Nella rivoluzione ogni categoria professionale sembra avere un compito preciso. Gli studenti, quei ragazzi cresciuti guardando Al Jazeera, hanno agito da soldati. In migliaia sono morti pur di raggiungere l'obiettivo, dimostrando una determinazione che ha colto tutti di sorpresa. "La vedi questa ruspa?", dice Ahmed, l'ingegnere trentenne che fin dal primo giorno si è occupato di inviare le immagini del massacro ad Al Jazeera: "Ci sono voluti sette uomini per portarla contro la recinzione di cemento intorno alla caserma di Gheddafi. Uno moriva colpito dai cecchini, e un altro saliva a bordo. Così, metro dopo metro, fino all'obiettivo". Gli avvocati, i professori e una parte della classe imprenditoriale, uomini e donne di età compresa tra i trenta e i cinquant'anni, stanno gettando le basi del nuovo Stato. Un'altra parte dei manager si occupa invece di tenere in vita l'economia del territorio, continuando le loro attività e finanziando le necessità del nuovo governo. I poliziotti stanno tornando in servizio e i militari hanno cominciato ad addestrare reclute.

Contemporaneamente, si cercano i leader di domani. Ma non è facile, con la parte occidentale del Paese ancora sotto assedio e una serie di clan indecisi se schierarsi o meno coi ribelli. Il clan più grande, con oltre un milione di persone, quello dei Warfalla, in Tripolitania, è rimasto per il momento neutrale. Gheddafi ha offerto loro due miliardi di dinari (poco più di un miliardo di euro) e 150 mila dinari ad ogni membro per non unirsi alla rivoluzione. A Kofra, nel sud, lo sceicco ha accettato i 7 milioni offertigli in contanti, ma poi ha annunciato che il clan stava con i ribelli. E con gli insorti è anche il clan dei Magharia, guidato da Abdel Salam Jallud, ex braccio destro di Gheddafi, oggi agli arresti domiciliari, e uno degli uomini che qualcuno indica tra i prossimi leader per la sua fama di uomo forte ma onesto.
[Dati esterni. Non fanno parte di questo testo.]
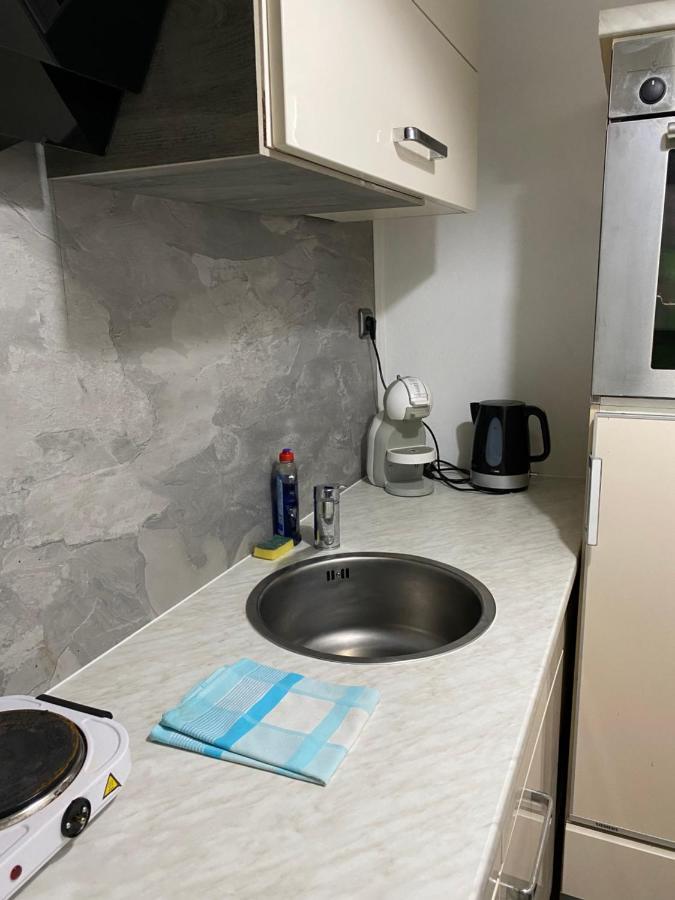 Gelsenkirchen Am Floez Hotel Kültér fotó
Nel 1993 il suo clan appoggiò il fallito tentativo dei Warfalla di eliminare Gheddafi, e da allora ne paga le conseguenze. Rinchiusi in casa in attesa del momento giusto per esporsi ci sono anche l'ex ministro degli Interni Fattah Younis e l'ex ministro della Giustizia Mustafa Abdel Jalil, l'uomo che ha annunciato ad Al Jazeera (smentito però dal comitato nazionale che tiene segreti i nomi del nuovo esecutivo) di essere il leader del governo di transizione. Per il momento non esistono certezze.

Nemmeno sulla forma di Stato. Nonostante ci sia consenso sulla formazione di una Repubblica islamica moderata, visto che la popolazione libica è composta integralmente da sunniti, Jalil ha spiegato che la creazione di uno Stato non confessionale non è esclusa. Ma su alcuni punti sono tutti d'accordo: la Libia ha bisogno di una Costituzione, di un Parlamento e di libere elezioni che restituiscano ai cittadini il controllo sulla propria vita.